Coverage A: Dwelling -

This is the amount of coverage on the physical structure itself. This is the amount you would receive to rebuild your home in the event of a total loss. With most companies you want to make sure this amount is equal to the estimated replacement cost (see below) for the home. This often provides a guarantee that your home will be completely rebuilt, as is, after a loss. Also in the event of a partial loss, the home can be fixed without regard to actual cash value of the loss.

Coverage B: Other Structures -

Typically 10% of the coverage A amount of a policy. This amount is to cover damages to other structures on your property which are not directly connected to the home. This includes sheds, outbuildings, detached garages, etc.

Coverage C: Personal Property -

This amount is also typically a percentage of the coverage A amount. It can range from 50% all the way up to 100% of the coverage A amount, depending on the carrier. A typical policy will have 70-75% of the coverage A available for personal property. This is the amount used to replace any personal effects destroyed by a covered peril. As with coverage A, you want to make sure your personal property is covered for replacement cost. This insures your property will be replaced without regard for applicable depreciation.
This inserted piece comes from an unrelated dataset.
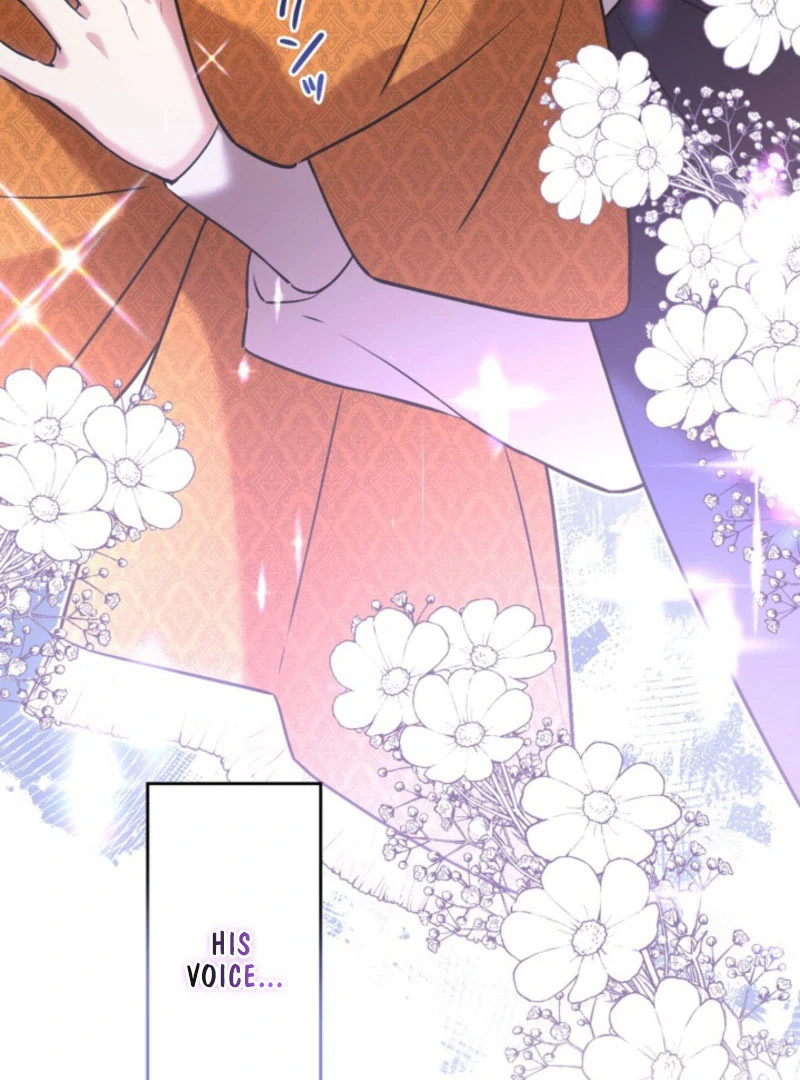 Although She is a Failed Princess, She is Loved by The Grand Duke in this Life Chapter 24 page 59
For example, if you own a 2 year old 48" TV that cost you $2000, you may only receive $1000 for it (there is a book that lists depreciation factors for most common items). With replacement cost, you will get a new 48" TV, either a direct replacement, or one of "like kind and quality" if the same model is no longer available.

Coverage D: Loss of Use -

Typically 10-20% of the coverage A amount. Some carriers and/or policies even provide 100% of coverage A, and others provide for "actual loss sustained". This amount provides for additional living expenses to maintain your typical standard of living in the event you are unable to live in your home if it's damaged by a covered peril. These costs can include rent, food expenses, etc.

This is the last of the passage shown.